Cliffs Natural Resources (CLF) is mainly exposed to the US domestic steel market. It has long-term contracts with US steelmakers and is affected much more by what’s happening in the US steel sector than in the seaborne iron ore market.
After Donald Trump’s US election win, most analysts are becoming optimistic about the US steel sector, given Trump’s focus on protectionism and infrastructure. Jefferies has upgraded U.S. Steel (X) from a “hold” to a “buy” rating with a target price of $26. Jefferies stated, “The US steel industry should stand out as a unique beneficiary of a Trump presidency. Protectionism will significantly rise…the US is already short steel, and falling imports will improve domestic pricing power.”

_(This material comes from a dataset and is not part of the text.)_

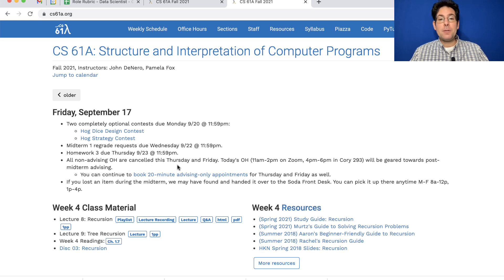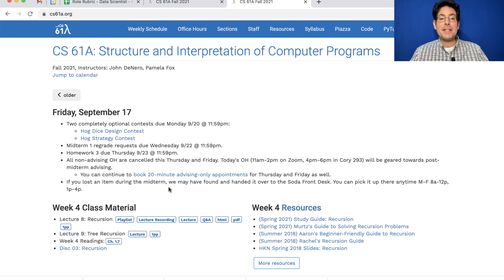Office hours this week were cancelled except for advising ones, where you can book an advising appointment. If you lost any items during the midterm, we probably have them at the Soda front desk — you can pick them up there.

Morgan Stanley (MS) also turned bullish on US steel stocks (SLX) after the election. Its analyst Evan Kurtz wrote, “We believe Trump’s plans for infrastructure spending and trade protection, as two of the most digestible of his proposals, could be early in the queue.” Kurtz upgraded both U.S. Steel and AK Steel (AKS) from “equal weight” to “overweight.”
Better fortunes for the US steel sector also bode well for Cliffs Natural Resources (CLF), the only North American pure-play iron ore pellet supplier. Kurtz upgraded Cliffs from “underweight” to “equal weight” and increased its target price from $3 to $9.
JPMorgan Chase (JPM) raised its target prices for steel stocks as well as for Cliffs on November 29, 2016. JPM has an “overweight” rating on CLF. It’s raised the company’s target price from $7 to $10.
…followed by downgrades
Macquarie, on the other hand, downgraded six steel stocks on November 29, 2016. AKS, Nucor (NUE), and Steel Dynamics (STLD) were three of those names. This downgrade followed a steep rally after Trump’s win.
According to a Macquarie analyst, “Most steel stocks have exceeded our target prices, and still exceed them even after we raised them to reflect the impact of this price move to $550–$560. While we expect the price current move to $550–$560 a ton to succeed, we don’t see further moves beyond that as likely. Steel prices will be higher than we earlier thought. But at this point, steel prices look exposed to a stronger US dollar.”